Ese mismo estudio nos permite establecer y distinguir con claridad los distintos mantos utilizado por la Nobleza española durante los siglos XVIII y XIX, y que entonces eran nada menos que de diez clases diferentes: los de la Grandeza de España, los del Generalato, los de los Ministros de la Corona, los de los Próceres del Reino, los de los caballeros de las cuatro Órdenes Militares (Santiago, Calatrava, Alcántara y Montesa), y los de las Órdenes del Toisón de Oro, de Carlos III, de Isabel la Católica, de la Orden de María Luisa, y de la de San Fernando. Veamos por menor el uso de estos ornamentos exteriores del escudo de armas.

La Grandeza de España, llamada al principio de Castilla, ocupó, desde la creación o la confirmación de esta dignidad por el Rey Don Carlos I (ya Emperador Carlos V) en 1520, la cúspide del sistema nobiliario español. El manto ceremonial que los usos heráldicos -porque no hubo jamás una atribución o diseño oficial- señaló a los Grandes fue el mismo que usaban los propios Monarcas, y sin duda ese modelo se tomó por imitación de los Príncipes del Sacro Romano Imperio: un manto de terciopelo carmesí, forrado de pieles de armiño, con galones, flecos y borlas de oro. En algunos modelos antiguos, aparece sembrado de castillos bordados en oro: es el caso del manto del Conde de Gelves, que enseguida citaremos, o el de don Canuto Ferrero Fieschi, Príncipe de Masserano, ya a fines del siglo XVIII (Blasones Militares (Madrid, Servicio Histórico Militar, 1987), pág. 75). Como decimos, no parece seguro que tuviera existencia real, aunque figura en los retratos de algunos Grandes, caso del busto del Conde de Aranda (Nueva York, Hispanic Society. Se trata de un busto realizado en cerámica de Alcora (Valencia), del que conocemos algún otro ejemplar en colecciones españolas).
El uso de ese manto como ornamento exterior de los escudos de armas de los Grandes comienza en el siglo XVII, aunque no se generalizará hasta la siguiente centuria. El modelo heráldico más antiguo que conocemos, por cierto con los castillos bordados, es el del Conde de Gelves, y fue figurado en una serie de tapices de Bruselas confeccionados en el siglo XVII; la presencia de tres cimeras distintas sobre la corona nos indica que se trata de un modelo heráldico de neta inspiración germánica (Madrid, Palacio de Liria.

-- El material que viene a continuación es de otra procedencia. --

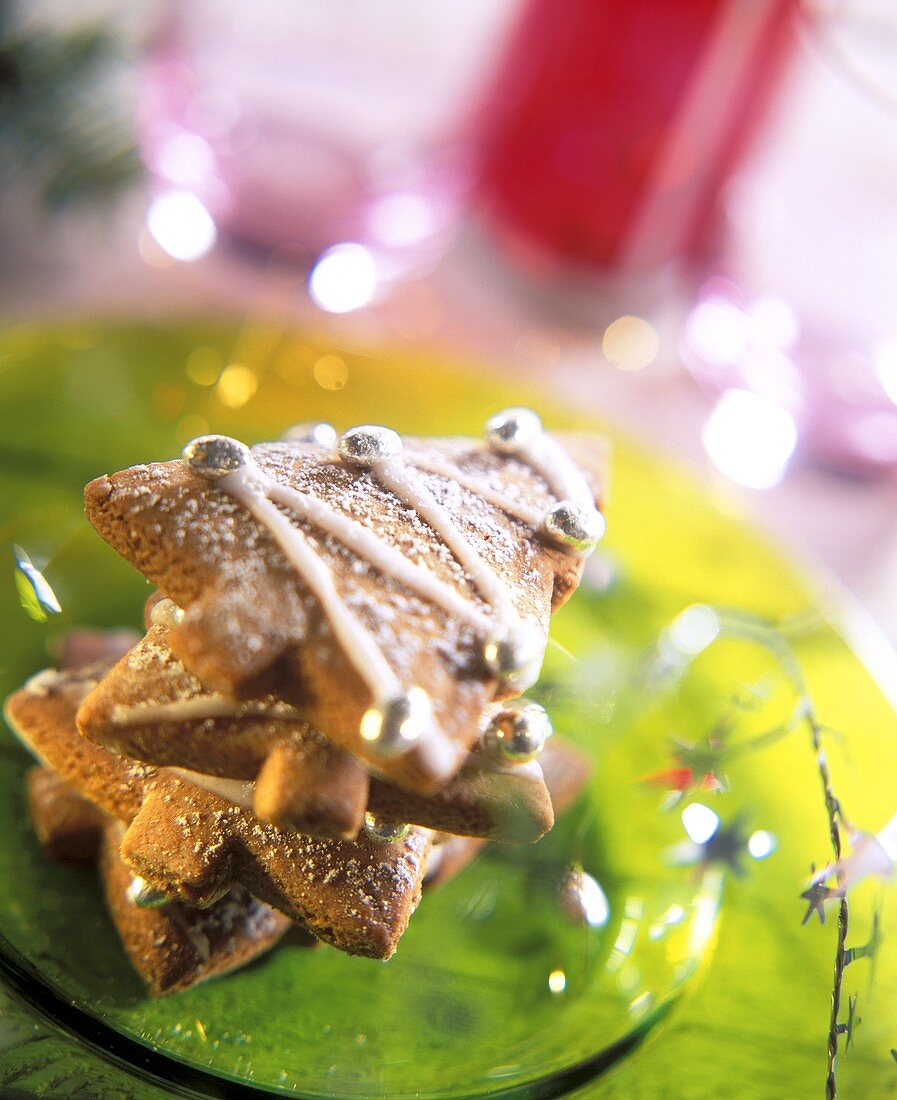 Plätzchen in Weihnachtsbaumform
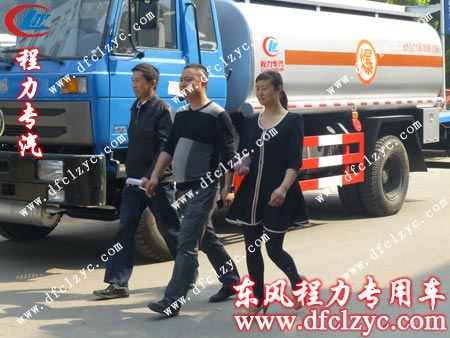 銷售經(jīng)理帶鄧先生看車路上 銷售經(jīng)理帶鄧先生看車路上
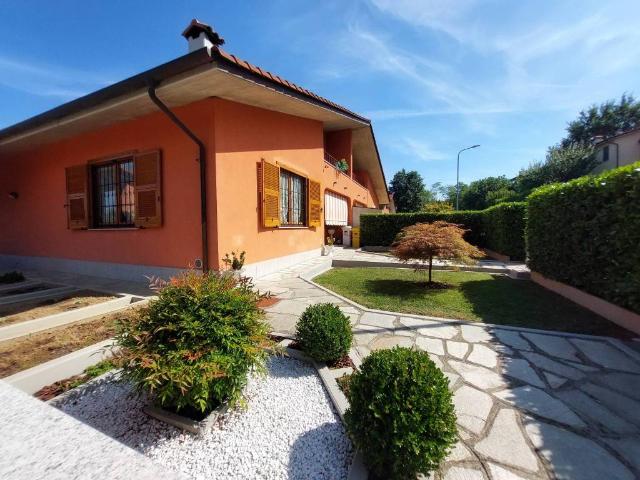 Villa Indipendente in vendita a Piemonte, Alessandria
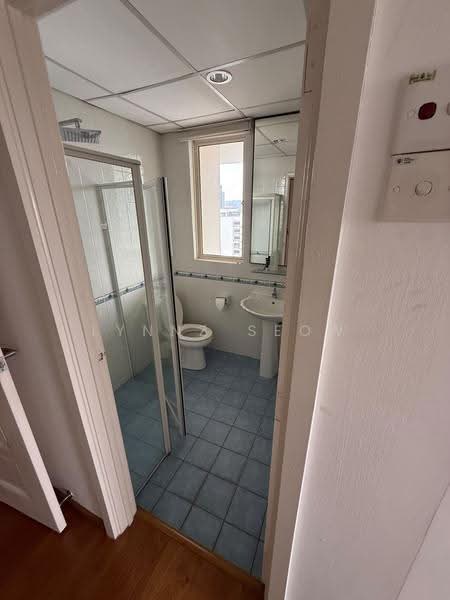 Kondominium untuk Disewa di Putra Marine Resort - Lynnz Seow - Bathroom - PropertyGuru.com.my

Figuraron en la exposición La Heráldica en el Arte (Madrid, 1947), y constan en su catálogo, números 43 a 46).
De 1707 data un escudo de armas ornado del manto de Grande, correspondiente al Duque de Uceda, que notemos era entonces embajador en Roma (También en el catálogo de la exposición La Heráldica en el Arte (Madrid, 1947), número 212, procedente de una colección particular).

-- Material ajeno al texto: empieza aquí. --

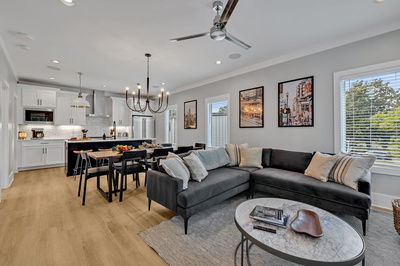 426 E Iris Dr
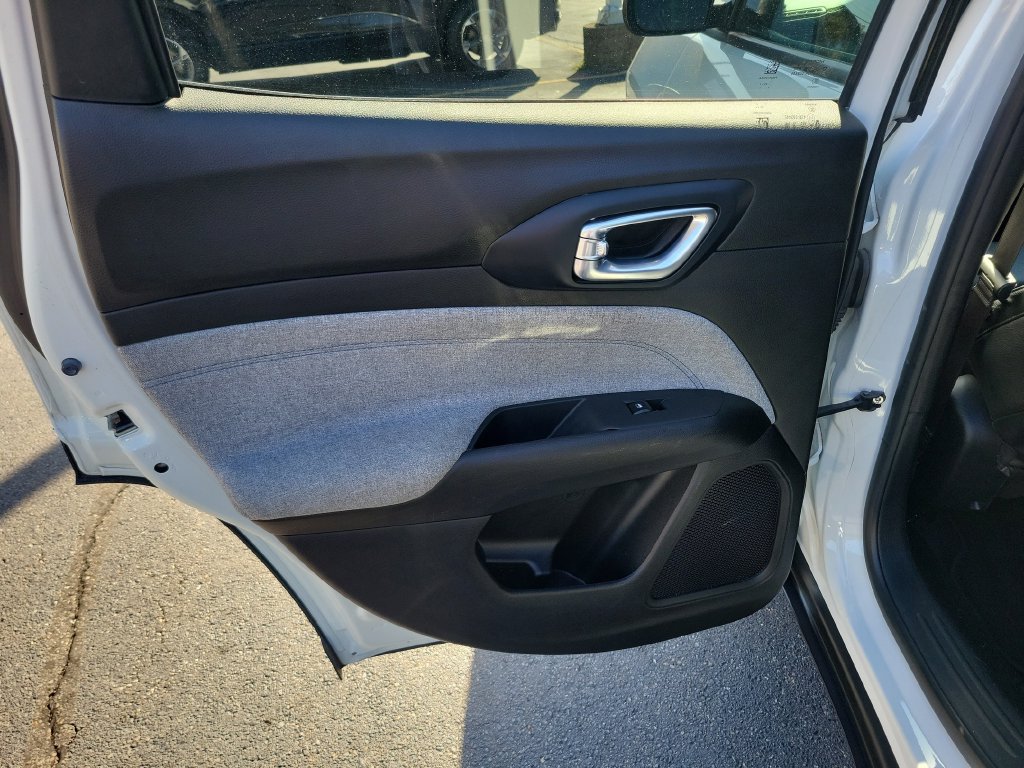 Used 2024 Jeep Compass Latitude AWD/4WD image 20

Del examen de las colecciones de dibujos de escudos de armas procedentes del Grefierato de la Insigne Orden del Toisón de Oro, (En Madrid, Archivo Histórico Nacional, sección Mapas, Planos y Dibujos) podemos colegir que esa moda llega a España procedente de Italia: son los escudos de armas de los príncipes y próceres italianos investidos del collar del Áureo Vellocino los que más tempranamente muestran el correspondiente manto, y sólo le imitarán los Grandes ya avanzado el siglo XVIII: entonces es cuando comienza a proliferar de una manera extraordinaria, siendo innumerables -por no decir todas-, las armerías de Grandes coetáneos adornadas del manto. Como pequeña muestra de ellas, traeremos a colación las pintadas y miniadas del Marqués de Montealegre y Conde de Oñate,
y las del Duque de Medinaceli (Madrid, Archivo Histórico Nacional, sección Mapas, Planos y Dibujos);
así como las talladas en piedra de otro Duque de Medinaceli en la villa ducal;
de don Manuel de Amat Junyent, Virrey del Perú, en su palacio de las Ramblas de Barcelona,
y del Duque de Berwick en la fachada del madrileño Palacio de Liria (Cuya fotografía agradecemos a la Dra. Dª Dolores Palmero Pérez).